Two firefighters were injured on Sunday as they worked in “extremely tough” conditions, the regional daily Diario Sur reported. Another fireman died last week.
Strong winds of up to 50km/h fanned the flames on Sunday, doubling the fire’s perimeter to 85 kilometers, up from 42 on Saturday. “This is probably the most complex fire we have seen in recent years in Spain,” said Juan Sánchez, of Infoca.
Spain’s Military Emergency Unit (UME) has been sent to the area after regional authorities warned last week that they lacked the human and material resources to deal with a fire that has been classified as Category E, the highest level in Infoca’s scale.
Two Forest Fires Assessment and Advisory Team (FAST) units from Catalonia and the Valencia region are providing additional support, along with fire brigades that have come in from Toledo, Cáceres and Cuenca.
Authorities are investigating whether the mammoth fire is the result of arson, based on the fact that it began simultaneously at two separate locations just as the wind was starting to pick up speed. On Saturday, Andalusian premier Juanma Moreno said that “everything seems to indicate that it was started on purpose and that there was a clear intention to cause as much damage as possible,” the television network Antena 3 reported.
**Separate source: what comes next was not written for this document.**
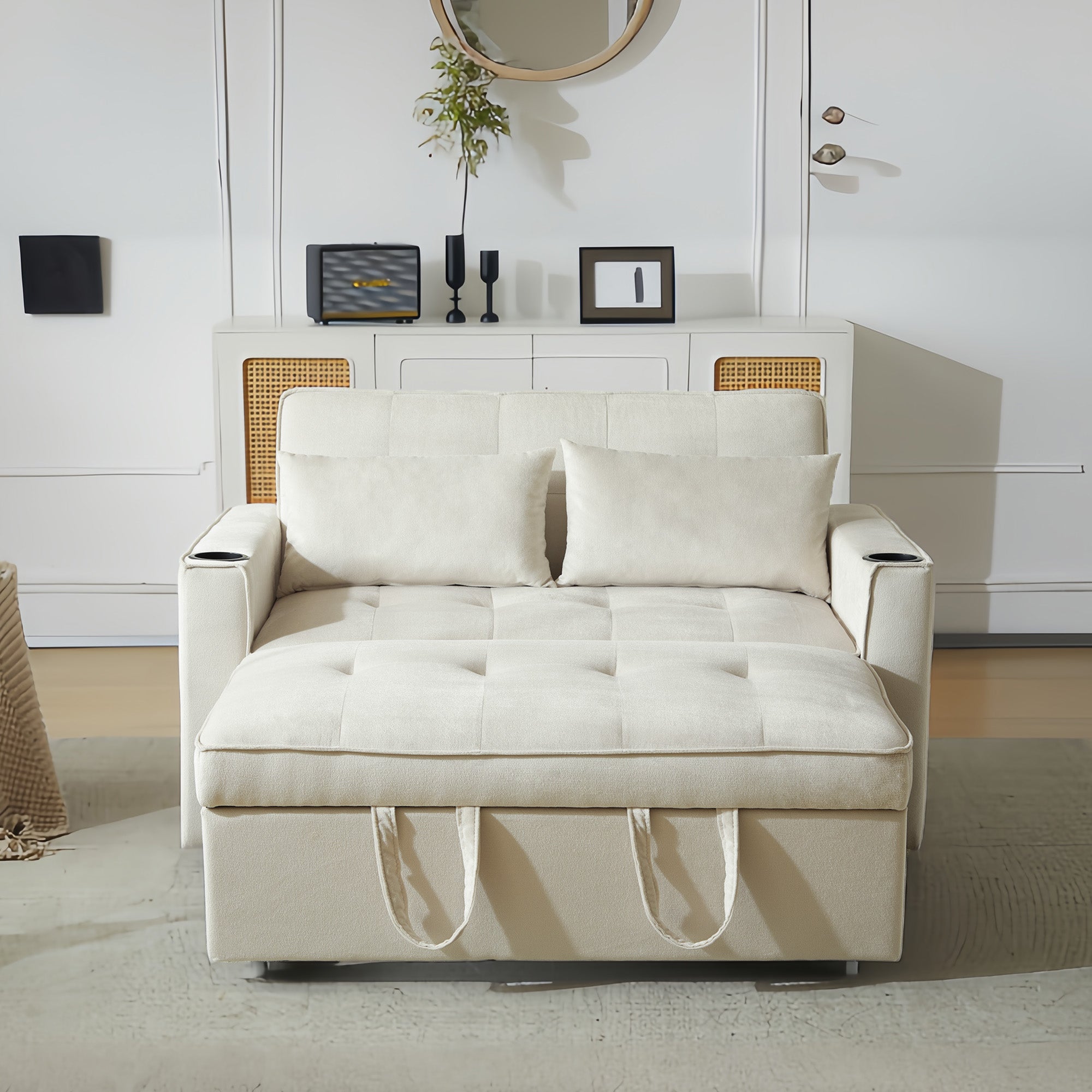 Folding Sofa Bed, Multifunctional with Cup Holder & Pillow, for Living Room, Bedroom, Home Theater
Residents of the small mountain municipalities of Jubrique (population 520), Genalguacil (400), Faraján (248), Pujerra (294), Júzcar (214) and Alpandeire (263) were transferred to Ronda on Sunday.
The size of the fire impressed itself on drivers on the A-7 highway running along the Andalusian coast, where an enormous column of smoke resembling the top of a volcano could be seen atop the mountain peaks. The cloud was moving northeast and was seen as far away as Jaén.
“We’re talking about an unprecedented power and strength compared with the fires we are used to seeing in this country,” said Alejandro García, technical director of Infoca, on Saturday.
The Sierra Bermeja wildfire falls within what the World Wildlife Fund (WWF) defines as “sixth-category fires,” which are particularly unstable and difficult to contain, partly due to climate change and changing techniques in forest land management.
“This was a time bomb,” said a resident of Jubrique who was forced to leave his home. “The fuse was there, and they waited for the bomb to go off.”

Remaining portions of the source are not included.